Abstract

Autophagy is initiated by multimembrane vesicle (autophagosome) formation upon mammalian target of rapamycin inhibition and phosphatidylinositol 3-phosphate [PtdIns(3)P] generation. Upstream of microtubule-associated protein 1 light chain 3 (LC3), WD-repeat proteins interacting with phosphoinositides (WIPI proteins) specifically bind PtdIns(3)P at forming autophagosomal membranes and become membrane-bound proteins of generated autophagosomes. Here, we applied automated high-throughput WIPI-1 puncta analysis, paralleled with LC3 lipidation assays, to investigate Ca²⁺-mediated autophagy modulation. We imposed cellular stress by starvation or administration of etoposide (0.5–50 μM), sorafenib (1–40 μM), staurosporine (20–500 nM), or thapsigargin (20–500 nM) (1, 2, or 3 h) and measured the formation of WIPI-1 positive autophagosomal membranes. Automated analysis of up to 5000 individual cells/treatment demonstrated that Ca²⁺ chelation by BAPTA-AM (10 and 30 μM) counteracted starvation or pharmacological compound-induced WIPI-1 puncta formation and LC3 lipidation. Application of selective Ca²⁺/calmodulin-dependent kinase kinase (CaMKK) α/β and calmodulin-dependent kinase (CaMK) I/II/IV inhibitors 7-oxo-7H-benzimidazo[2,1-a]benz[de]isoquinoline-3-carboxylic acid acetate (STO-609; 10–30 μg/ml) and 2-(N-[2-hydroxyethyl])-N-(4-methoxybenzenesulfonyl)amino-N-(4-chlorocinnamyl)-N-methylamine (KN-93; 1–10 μM), respectively, significantly reduced starvation-induced autophagosomal membrane formation, suggesting that Ca²⁺ mobilization upon autophagy induction involves CaMKI/IV. By small interefering RNA (siRNA)-mediated down-regulation of CaMKI or CaMKIV, we demonstrate that CaMKI contributes to stimulation of WIPI-1. In line, WIPI-1 positive autophagosomal membranes were formed in AMP-activated protein kinase (AMPK) α₁/α₂-deficient mouse embryonic fibroblasts upon nutrient starvation, whereas basal autophagy was prominently reduced.

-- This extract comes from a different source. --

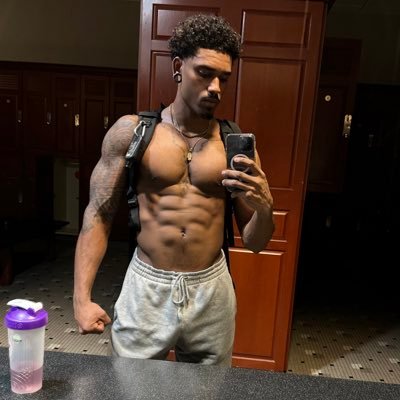 18+ | Straight Solo Creator | link in bio 😈💦 | i only reply on OF | sponsor my cosplay ➡️ $fullspectrumfitness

However, transient down-regulation of AMPK by siRNA resulted in an increased basal level of both WIPI-1 puncta and LC3 lipidation, and nutrient-starvation induced autophagy was sensitive to STO-609/KN-93. Our data provide evidence that pharmacological compound-modulated and starvation-induced autophagy involves Ca²⁺-dependent signaling, including CaMKI independent of AMPKα₁/α₂. Our data also suggest that AMPKα₁/α₂ might differentially contribute to the regulation of WIPI-1 at the onset of autophagy.